:: YOUR ASSIGNMENT ::
Every line below from the one with "Unlit bug lantern" through the one with "The BFG (3D) (2016)" should be retyped exactly, both ends included; no other lines and no pictures.

--- EXTRACTED INFORMATION Enclosed Below ---

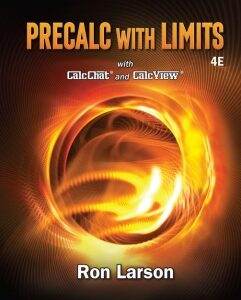 Precalculus with Limits (4th Edition) - eBook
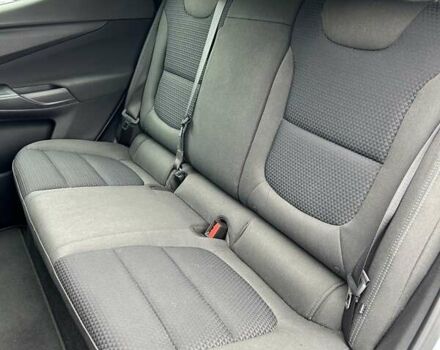 Синий Шевроле Bolt EUV, объемом двигателя 0 л и пробегом 57 тыс. км за 20900 $, фото 14 на Automoto.ua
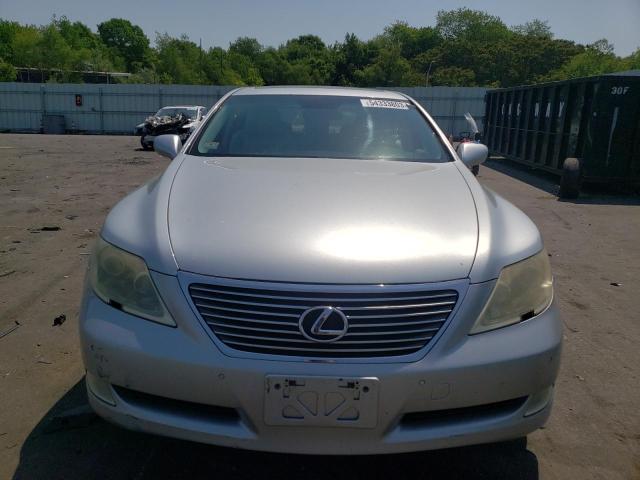 Photo 5 from auction – 2007 LEXUS LS 460 with VIN JTHBL46FX75013207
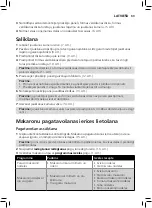 Preview for 67 page of Philips HR2380 User Manual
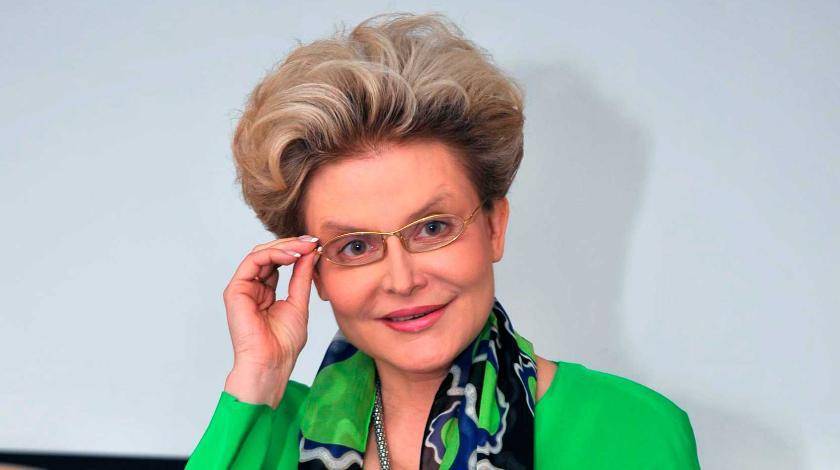 Елена Малышева - Малышева раскрыла самую эффективную диету - utro.ru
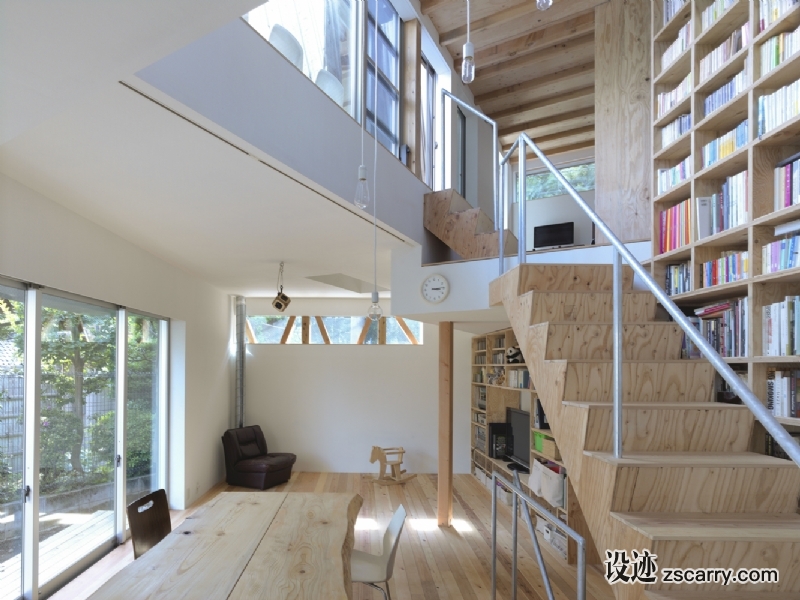 K-HOUSE_07.jpg 家装参考,特殊,日本住宅,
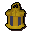Unlit bug lantern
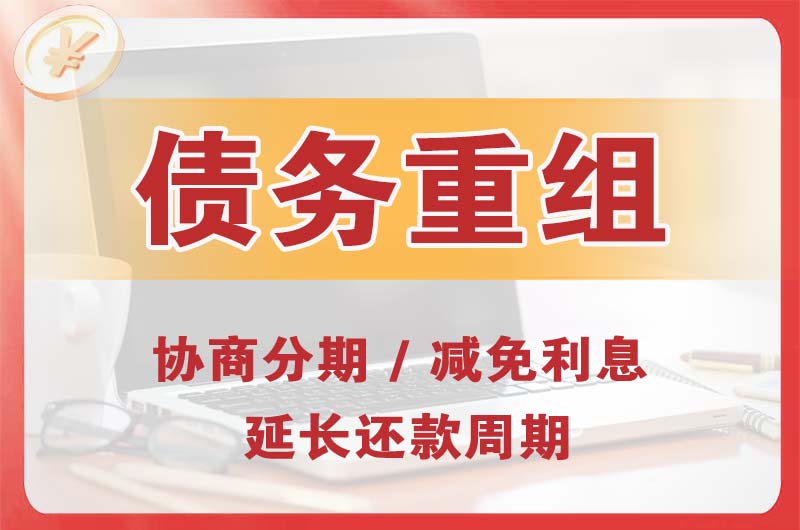阿拉善债务重组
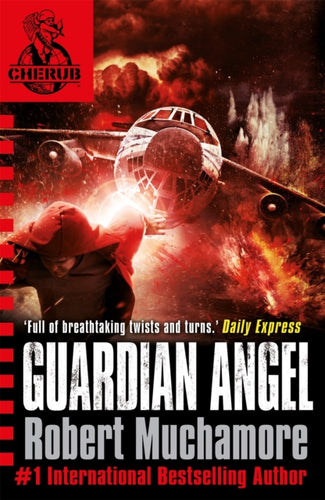 CHERUB: Guardian Angel : Book 14-9780340999226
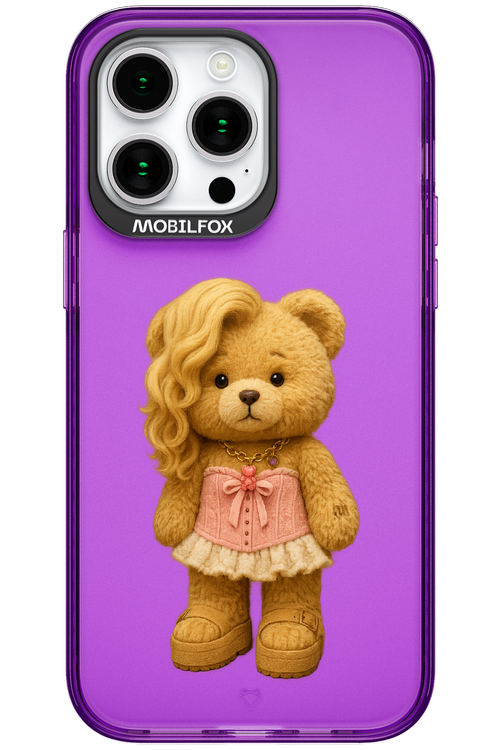 Bear Babe 2.0 - Apple iPhone 15 Pro Max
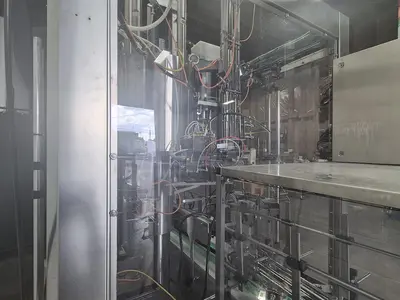 Pacific 4-Head Gravimetric Filler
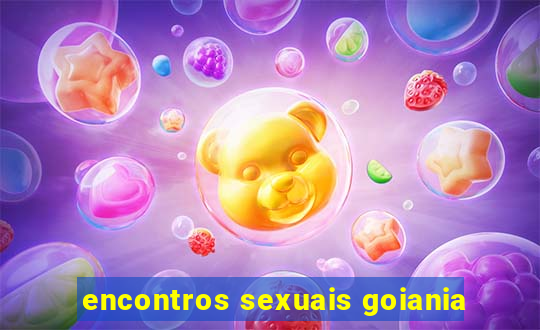 encontros sexuais goiania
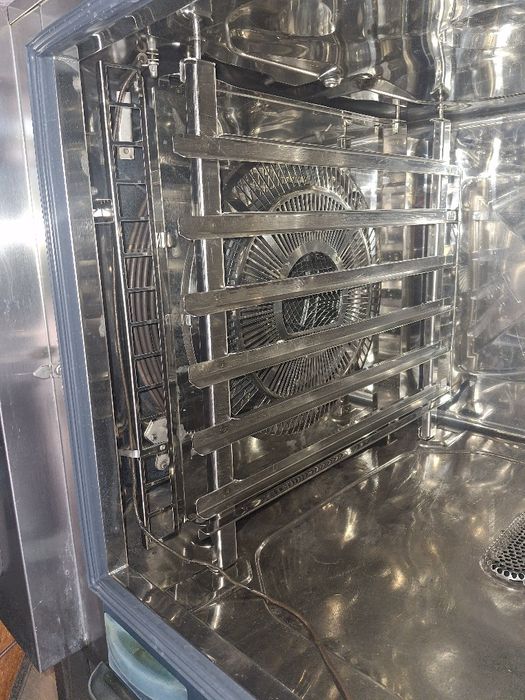 Конвектомат рационал SCC  white efficiency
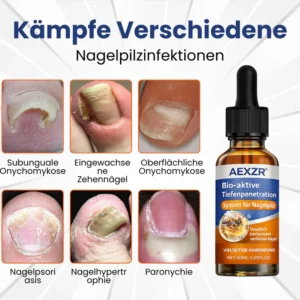 daily nail care routine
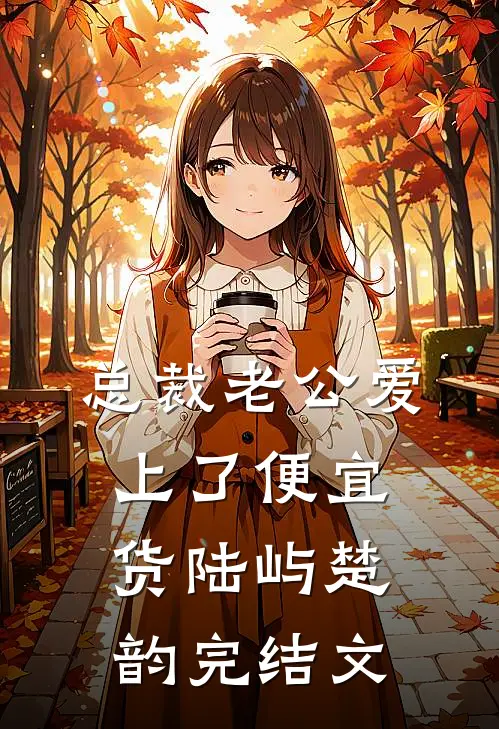 总裁老公爱上了便宜货陆屿楚韵完结文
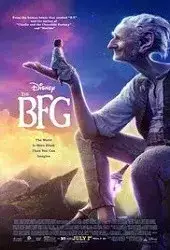 The BFG (3D) (2016)
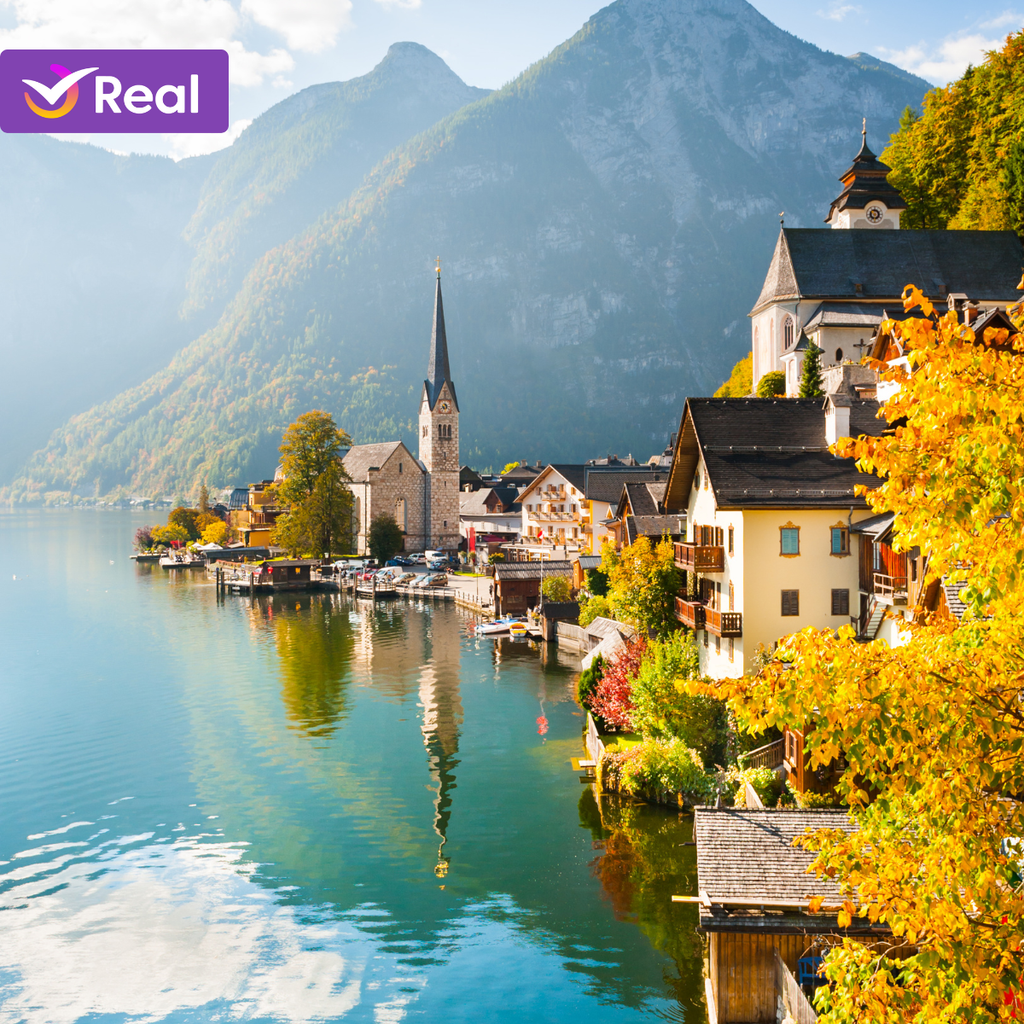 imagem capa do post O que fazer na Áustria: um guia de viagem!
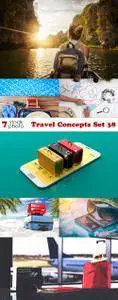 Photos - Travel Concepts Set 38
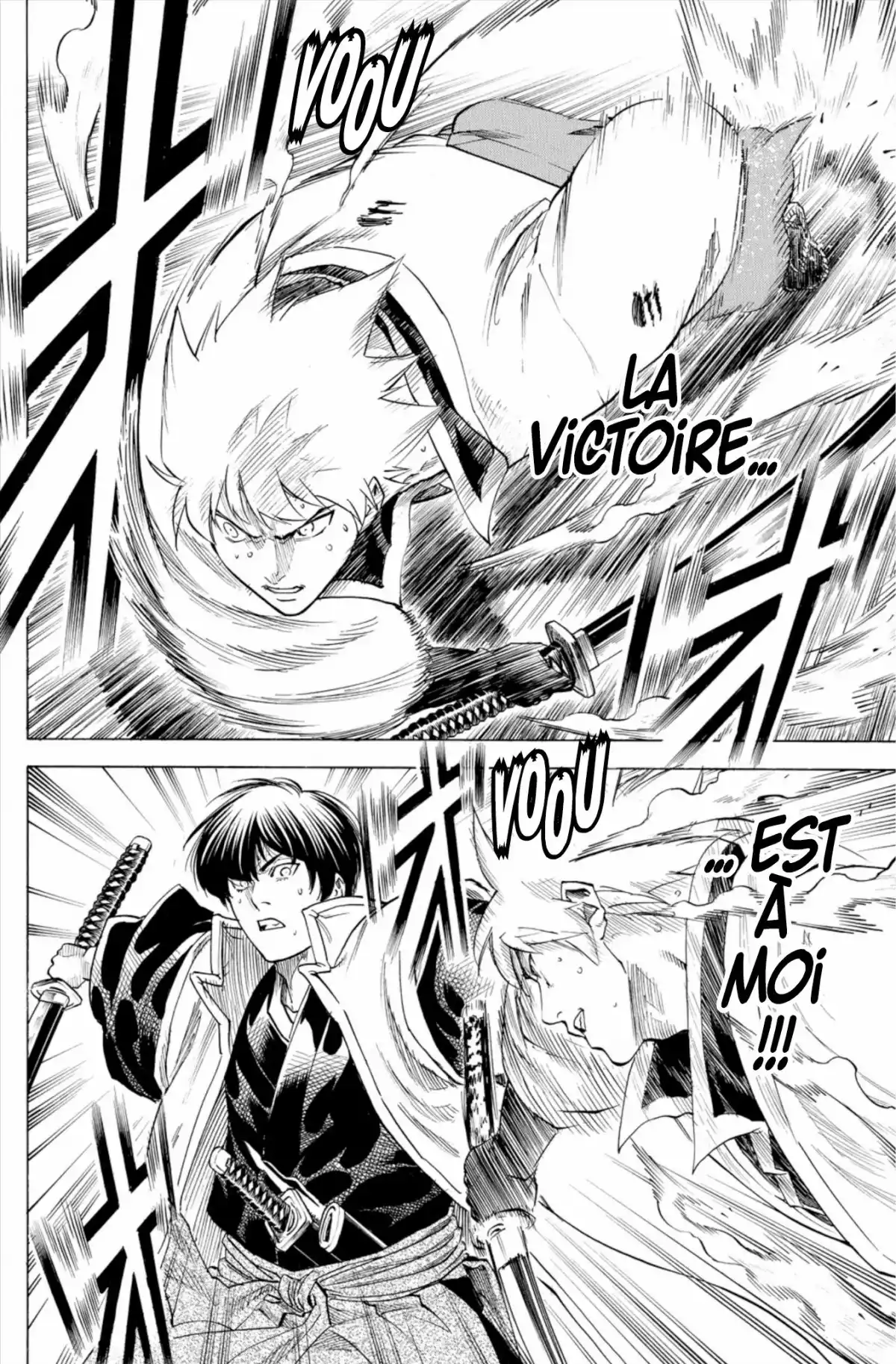 Gamaran Volume 21 page 100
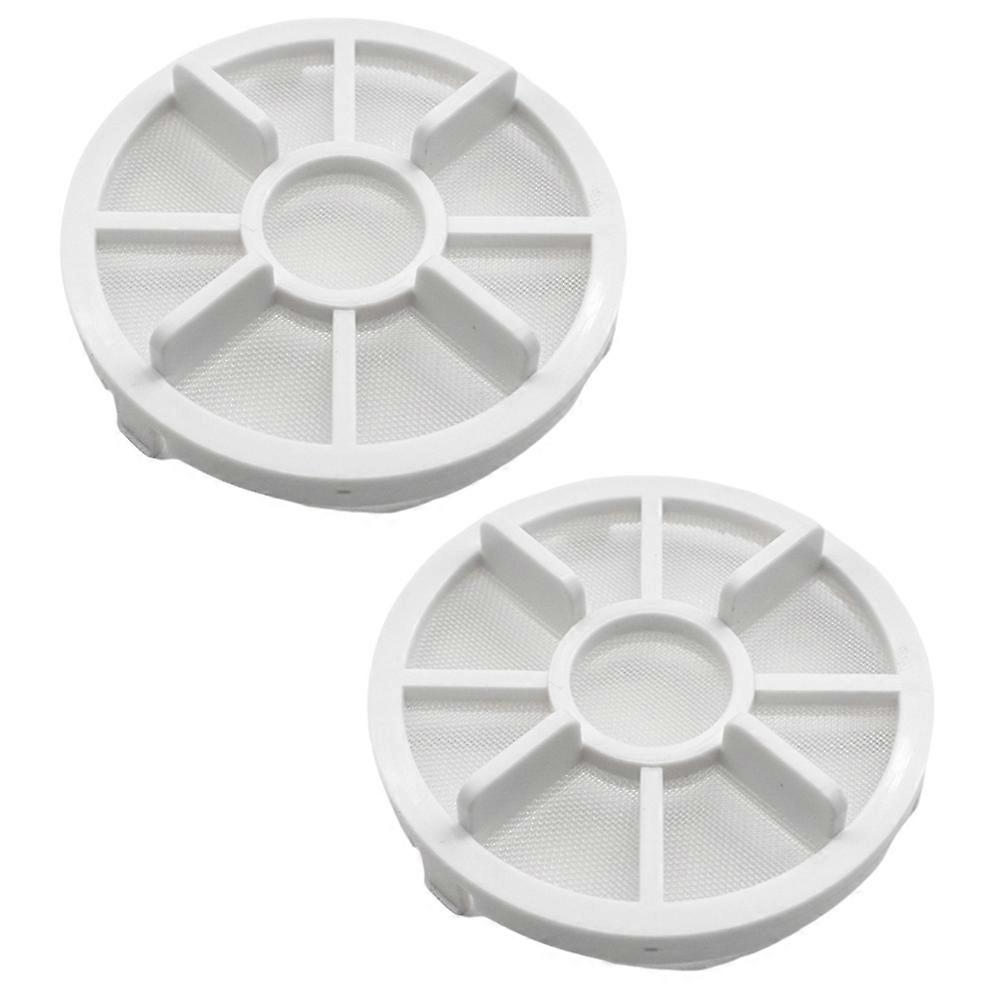Ersatzfilter Für Die Dreame X30 S30 S40 X40 Saugroboter-basisstation (2 Stück)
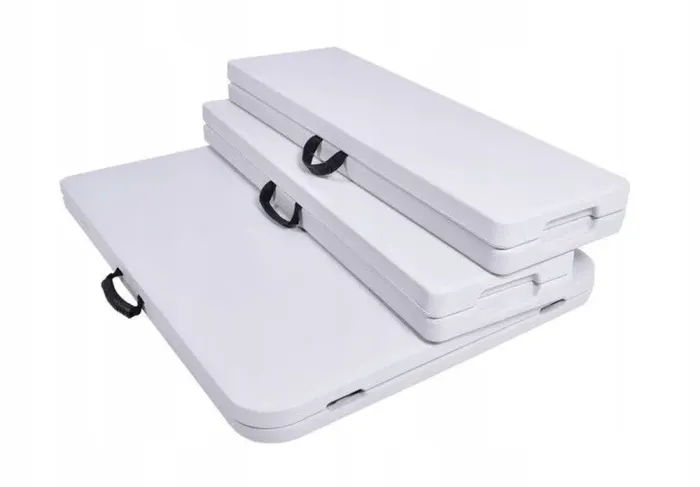 Садові меблі (набір) розкладний стіл 180см + 2 лавки 180см eHokery (Польща) (5_2155303864) - зображення 8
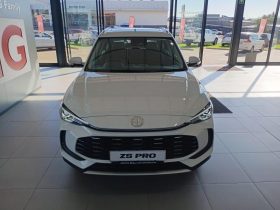 MG Zs Pro 1.5T Luxury Cvt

--- End of Enclosed EXTRACTED INFORMATION ---

:: RESPONSE TO THIS EXERCISE ::
Unlit bug lantern
阿拉善债务重组
 CHERUB: Guardian Angel : Book 14-9780340999226
 Bear Babe 2.0 - Apple iPhone 15 Pro Max
 Pacific 4-Head Gravimetric Filler
 encontros sexuais goiania
 Конвектомат рационал SCC  white efficiency
 daily nail care routine
 总裁老公爱上了便宜货陆屿楚韵完结文
 The BFG (3D) (2016)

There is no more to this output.